Where does the word "floor" show up in the records? Copy every line that has it.

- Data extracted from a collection
+ + + + + + +
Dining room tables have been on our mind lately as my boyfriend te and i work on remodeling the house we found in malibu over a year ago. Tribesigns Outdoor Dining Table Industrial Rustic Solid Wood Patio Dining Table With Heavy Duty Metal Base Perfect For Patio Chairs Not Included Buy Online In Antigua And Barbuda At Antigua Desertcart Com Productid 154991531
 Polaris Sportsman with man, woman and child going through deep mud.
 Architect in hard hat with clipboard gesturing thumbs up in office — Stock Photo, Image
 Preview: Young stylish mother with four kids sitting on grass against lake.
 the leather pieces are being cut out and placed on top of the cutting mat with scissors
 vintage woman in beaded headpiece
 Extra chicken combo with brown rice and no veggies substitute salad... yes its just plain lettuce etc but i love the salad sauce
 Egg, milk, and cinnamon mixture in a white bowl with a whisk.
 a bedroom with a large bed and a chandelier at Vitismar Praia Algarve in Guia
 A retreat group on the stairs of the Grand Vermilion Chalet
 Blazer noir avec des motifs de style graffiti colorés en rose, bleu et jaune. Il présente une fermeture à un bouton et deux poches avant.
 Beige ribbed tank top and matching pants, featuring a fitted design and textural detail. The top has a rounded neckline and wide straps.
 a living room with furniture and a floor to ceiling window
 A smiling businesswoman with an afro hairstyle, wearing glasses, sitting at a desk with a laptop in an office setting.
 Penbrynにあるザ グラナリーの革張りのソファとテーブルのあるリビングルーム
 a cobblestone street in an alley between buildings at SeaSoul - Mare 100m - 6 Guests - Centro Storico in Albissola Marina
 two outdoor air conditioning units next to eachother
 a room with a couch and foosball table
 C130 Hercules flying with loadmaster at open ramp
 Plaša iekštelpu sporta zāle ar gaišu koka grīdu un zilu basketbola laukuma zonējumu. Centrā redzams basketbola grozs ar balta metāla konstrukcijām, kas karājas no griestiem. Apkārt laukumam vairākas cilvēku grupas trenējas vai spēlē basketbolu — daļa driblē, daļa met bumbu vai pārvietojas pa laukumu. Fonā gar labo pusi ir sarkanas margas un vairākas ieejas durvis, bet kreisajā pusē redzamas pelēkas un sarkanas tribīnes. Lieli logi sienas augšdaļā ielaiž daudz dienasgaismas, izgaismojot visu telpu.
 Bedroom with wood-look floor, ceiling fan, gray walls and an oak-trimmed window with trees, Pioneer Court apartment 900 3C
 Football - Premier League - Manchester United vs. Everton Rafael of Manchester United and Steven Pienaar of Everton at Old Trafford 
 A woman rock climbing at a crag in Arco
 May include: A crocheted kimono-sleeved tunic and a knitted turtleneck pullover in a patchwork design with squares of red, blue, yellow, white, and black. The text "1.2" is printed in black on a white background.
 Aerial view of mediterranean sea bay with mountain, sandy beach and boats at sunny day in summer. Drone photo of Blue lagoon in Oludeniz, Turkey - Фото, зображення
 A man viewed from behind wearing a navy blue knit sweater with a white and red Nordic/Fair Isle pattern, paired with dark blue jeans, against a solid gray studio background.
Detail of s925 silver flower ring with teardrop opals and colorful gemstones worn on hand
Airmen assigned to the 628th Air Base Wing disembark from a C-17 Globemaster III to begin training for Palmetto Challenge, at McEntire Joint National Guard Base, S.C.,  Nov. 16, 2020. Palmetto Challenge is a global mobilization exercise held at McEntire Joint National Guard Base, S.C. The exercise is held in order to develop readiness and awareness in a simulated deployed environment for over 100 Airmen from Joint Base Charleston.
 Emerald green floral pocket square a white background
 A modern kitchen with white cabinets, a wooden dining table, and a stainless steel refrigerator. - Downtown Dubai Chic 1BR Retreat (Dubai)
+ + + + + + +
- Written response
 a living room with furniture and a floor to ceiling window
 Bedroom with wood-look floor, ceiling fan, gray walls and an oak-trimmed window with trees, Pioneer Court apartment 900 3C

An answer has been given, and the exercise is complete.